--- INFORMATION SHOWN Enclosed Below ---
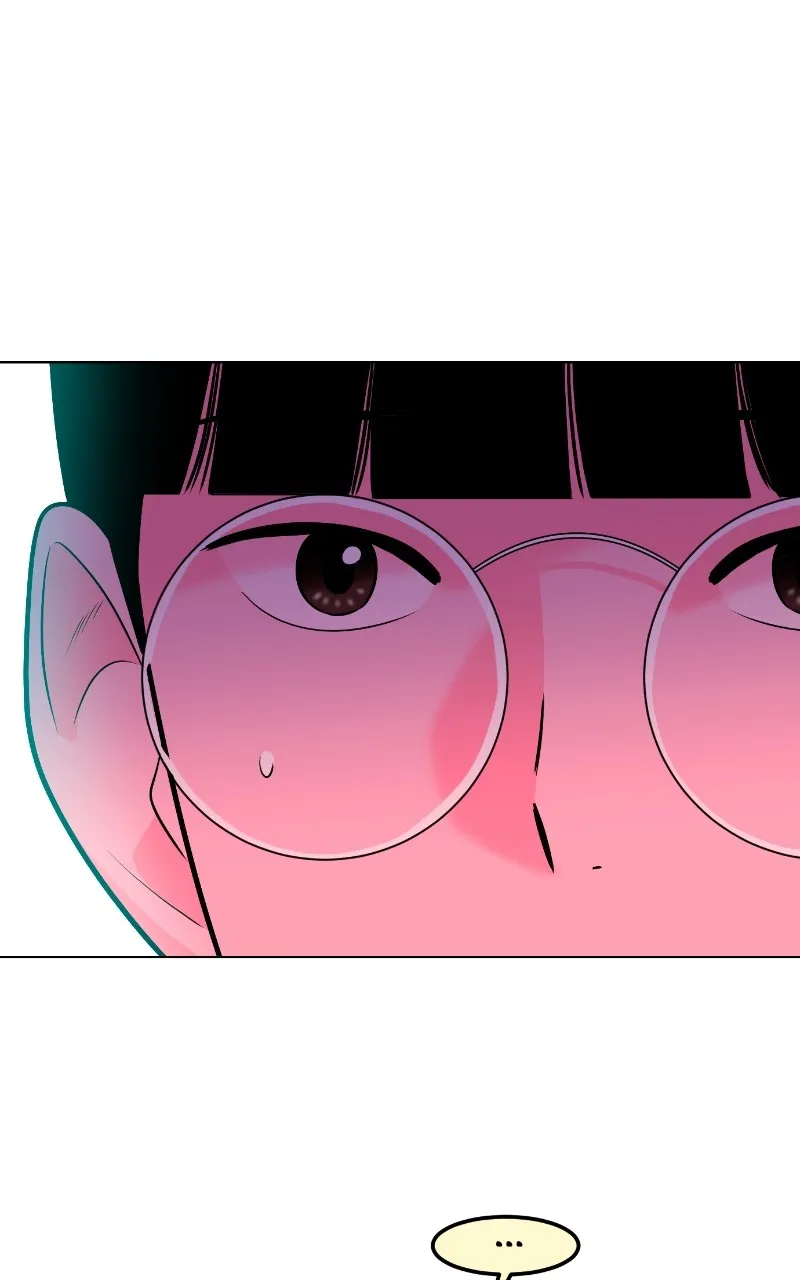 Read The Good Student chapter 8 image 7 on Lezhin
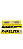 Seda Papelito Tradicional Longa King Size - Imagem 1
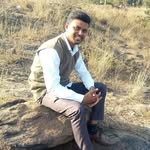 Ajit Mathur - @ajit.mathur099 - Instagram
--- End of Enclosed INFORMATION SHOWN ---
▸ **TASK OBJECTIVE**
Would you print all of the material exactly as written, minus the pictures?

▸ **SOLUTION**
 Read The Good Student chapter 8 image 7 on Lezhin
 Seda Papelito Tradicional Longa King Size - Imagem 1
 Ajit Mathur - @ajit.mathur099 - Instagram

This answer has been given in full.